EXERCISE INSTRUCTIONS: Exactly the lines from the first line of the records to the line holding "I am your storyteller" should be duplicated, and nothing more; pictures stay out.
· · ·
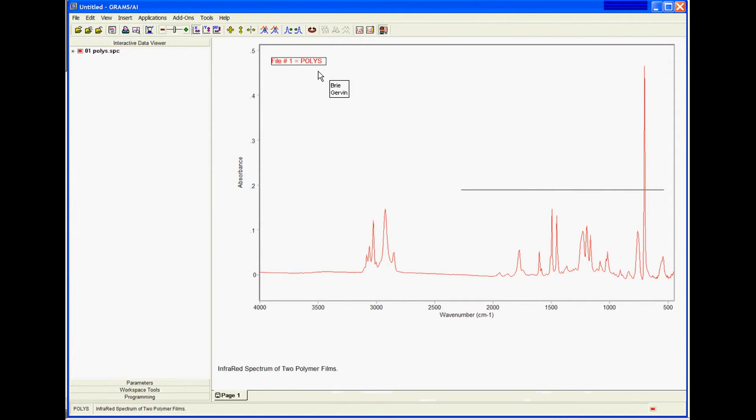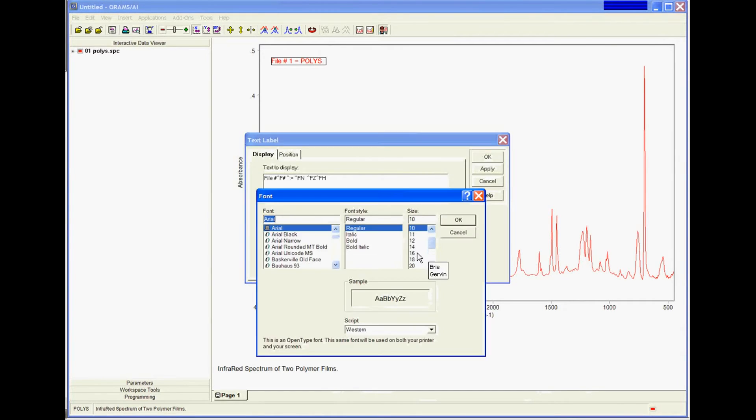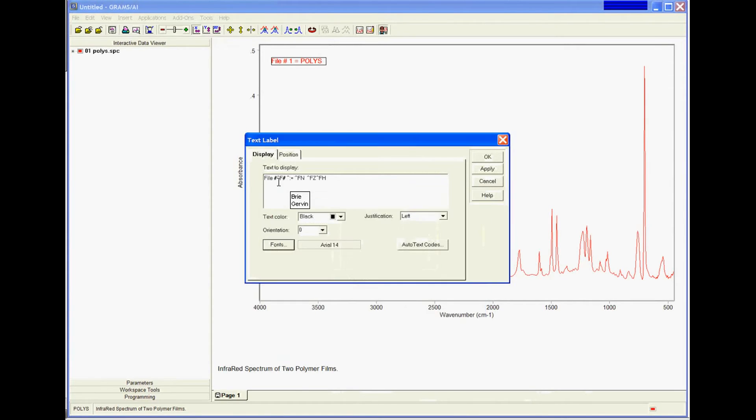I'm going to right-click to modify it. I'm going to make this font a little bigger so I can see it better. I just want it to have the file name.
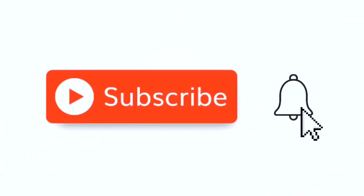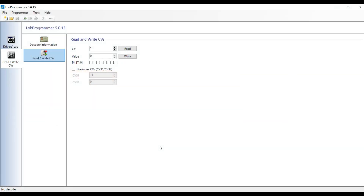I'm going to move over to my Windows computer. Here we are in Loke Programmer — this is just what you would see if you download and install the program on your Windows PC and then start it up. As you can see down here on the bottom left, it says 'no decoder.' I don't have the Loke Programmer hardware device even attached at this point, so this is exactly what you would see in your situation.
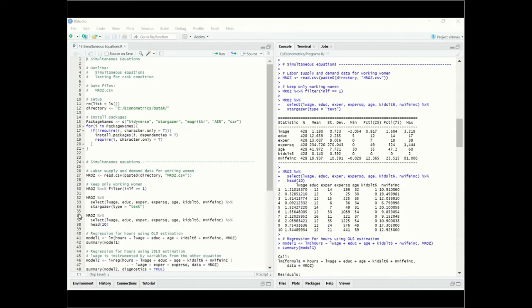We're going to use stargazer to summarize this dataset and to see the first ten observations. This is how the first ten observations look: log wage, education in years, experience, experience squared, the age of the working women, number of kids that are less than six years old, and non-wife income in the family. Here are also some means, standard deviations, and other descriptive statistics for the data.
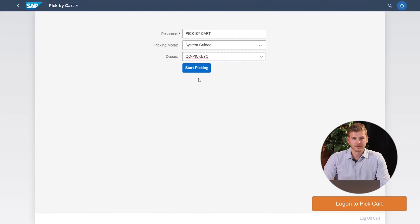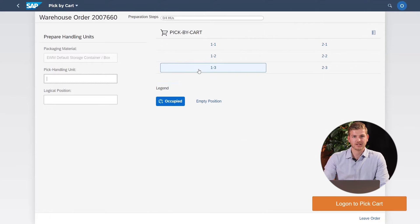Now, let's find out how the pick-by-card app will guide warehouse operators through the picking process. This is the login screen in the pick-by-card app, where the warehouse operator selects a queue with a picking task and clicks to start picking. In the next screen, the pick-card is visualized on the right side — in this case, a card with three layers, where each layer contains two crates. The upper part of the screen shows which step of the picking process you are in.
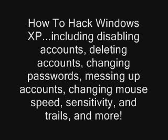How to hack Windows XP, including disabling accounts, deleting accounts, changing passwords, messing up accounts, changing mouse speed, sensitivity, and trails, and more.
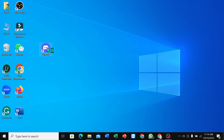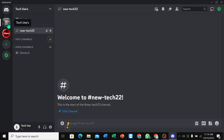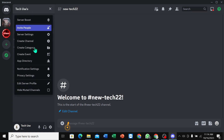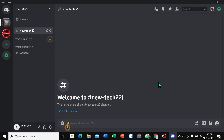Select your server, then go to server name, Privacy Settings, Activity Joining, and disable it. Done — that's it. I hope you can understand. Thanks for watching this video.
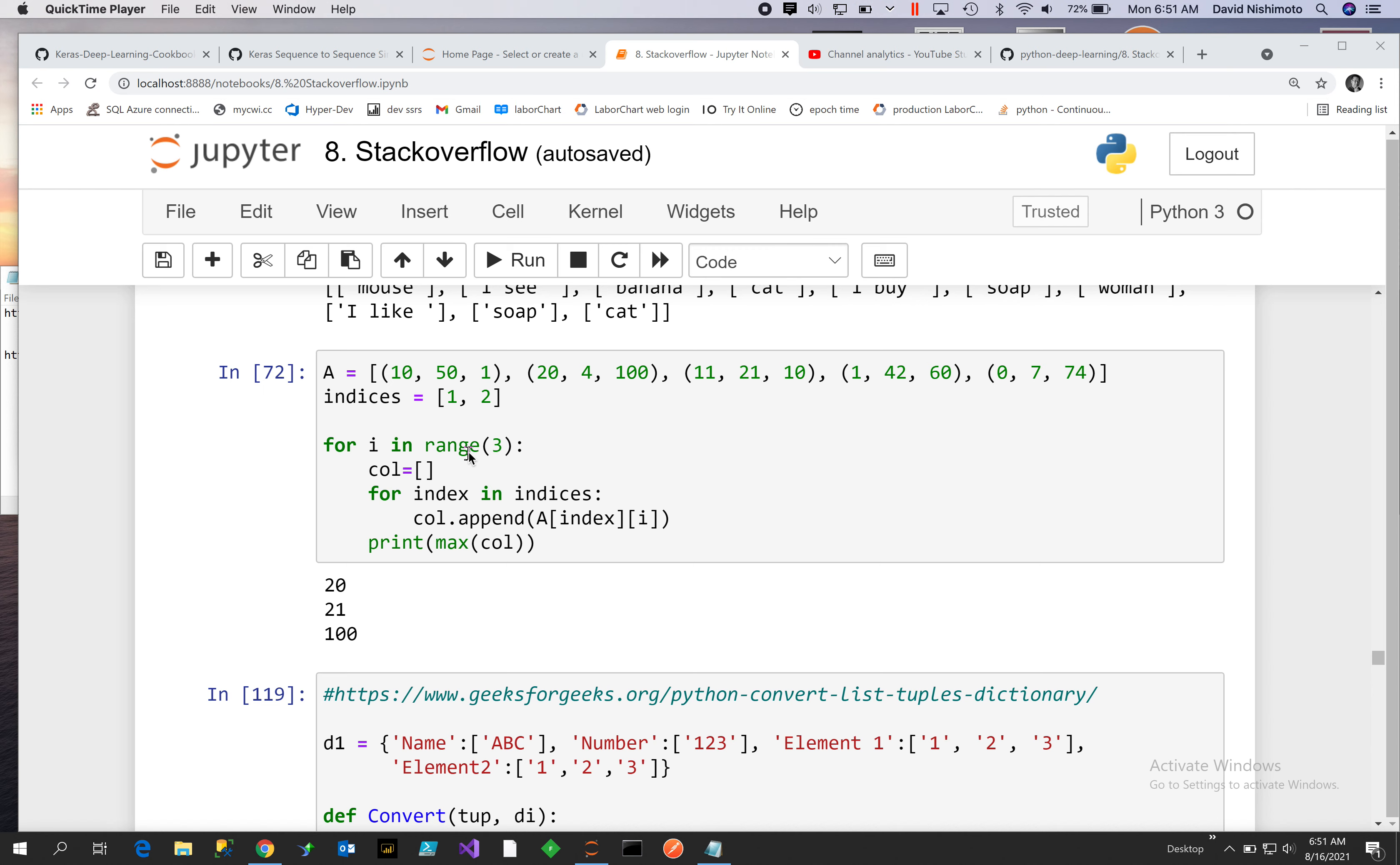So we'll take 1 of 1. So 1 of 1, there we go, is 20. And then the second one will be 2 of 1. 2 of 1, and that'll be 2 of 2, which will be 21.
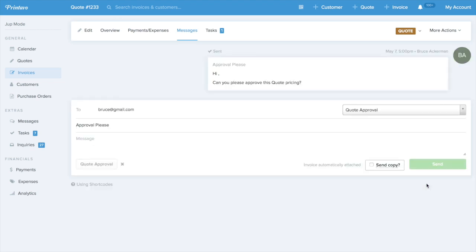Now the customer is gonna be able to click that quote approval and approve it very easily right from there. Pretty exciting. Once this is done, you can always attach other types of approvals and send those out too.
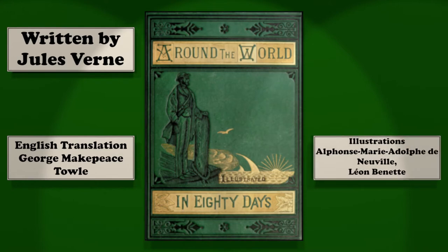I am your storyteller and this is the third episode Around the World in 80 Days by Jules Verne.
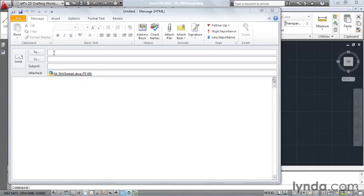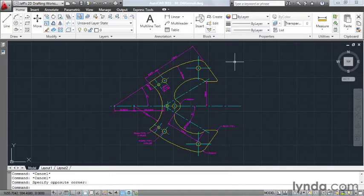All I have to do is enter my machinist's email address, type a brief message, and click send. As you can see, emailing a drawing from AutoCAD couldn't be easier.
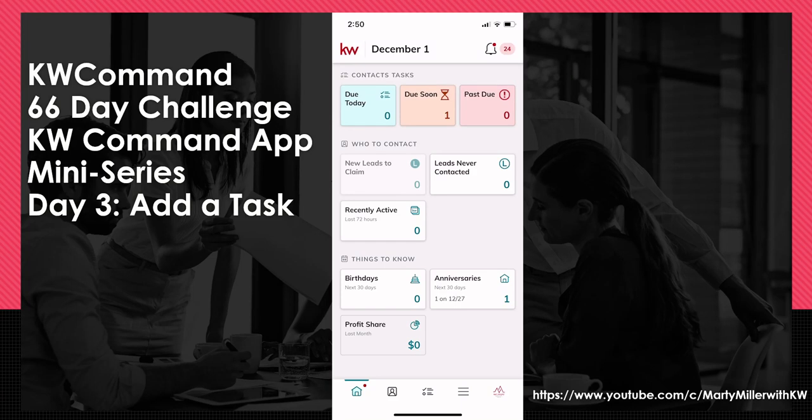Good morning, Keller Williams, and welcome back to the KW Command 66 Day Challenge KW Command App Mini Series. Today is day three.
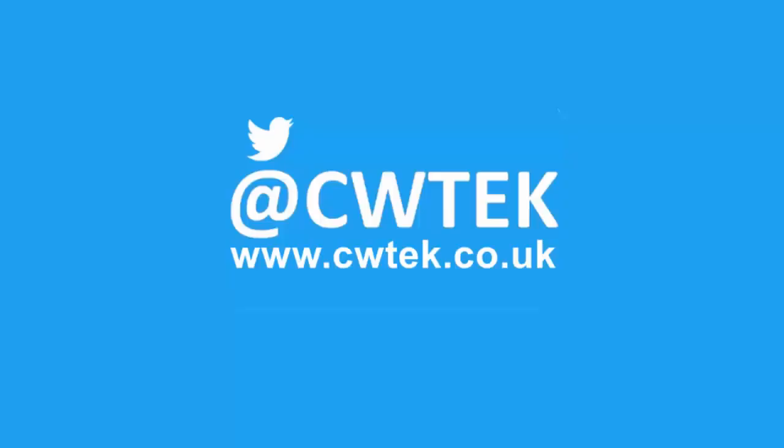You can also find me on Twitter at CWTech, and also find my website at cwtech.co.uk. Liking, sharing, and subscribing really helps support this channel. Thank you very much.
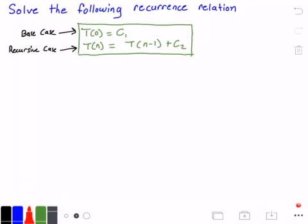We want to solve the following recurrence relation, shown in the green rectangle. First, we have our base case that states that t of 0 is equal to c subscript 1. C subscript 1 is just a constant value, and our function is t. Next, we have our recursive case, which states that t of n is equal to t of n minus 1 plus c subscript 2. C subscript 2 is also another constant, and it could or could not be equal to c subscript 1.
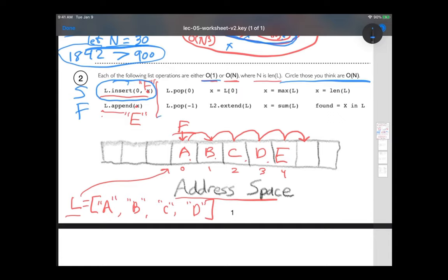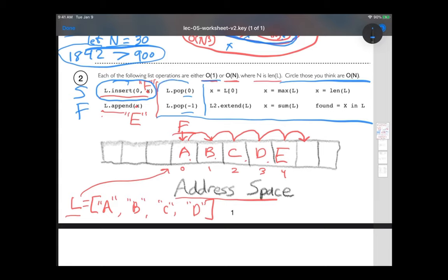Pause and go through the rest of these operations and guess which are order n and which are not. Now, not surprisingly, popping from the beginning is very slow — if I delete something at the beginning, I have to shift everything back, just as bad as inserting at the beginning. Whereas removing something from the end — no problem, that's a fast operation.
· · ·
TASK ANSWER:
I'm going to right-click to modify it. I'm going to make this font a little bigger so I can see it better. I just want it to have the file name.
I'm going to move over to my Windows computer. Here we are in Loke Programmer — this is just what you would see if you download and install the program on your Windows PC and then start it up. As you can see down here on the bottom left, it says 'no decoder.' I don't have the Loke Programmer hardware device even attached at this point, so this is exactly what you would see in your situation.
We're going to use stargazer to summarize this dataset and to see the first ten observations. This is how the first ten observations look: log wage, education in years, experience, experience squared, the age of the working women, number of kids that are less than six years old, and non-wife income in the family. Here are also some means, standard deviations, and other descriptive statistics for the data.
Now, let's find out how the pick-by-card app will guide warehouse operators through the picking process. This is the login screen in the pick-by-card app, where the warehouse operator selects a queue with a picking task and clicks to start picking. In the next screen, the pick-card is visualized on the right side — in this case, a card with three layers, where each layer contains two crates. The upper part of the screen shows which step of the picking process you are in.
How to hack Windows XP, including disabling accounts, deleting accounts, changing passwords, messing up accounts, changing mouse speed, sensitivity, and trails, and more.
Select your server, then go to server name, Privacy Settings, Activity Joining, and disable it. Done — that's it. I hope you can understand. Thanks for watching this video.
So we'll take 1 of 1. So 1 of 1, there we go, is 20. And then the second one will be 2 of 1. 2 of 1, and that'll be 2 of 2, which will be 21.
Now the customer is gonna be able to click that quote approval and approve it very easily right from there. Pretty exciting. Once this is done, you can always attach other types of approvals and send those out too.
I am your storyteller and this is the third episode Around the World in 80 Days by Jules Verne.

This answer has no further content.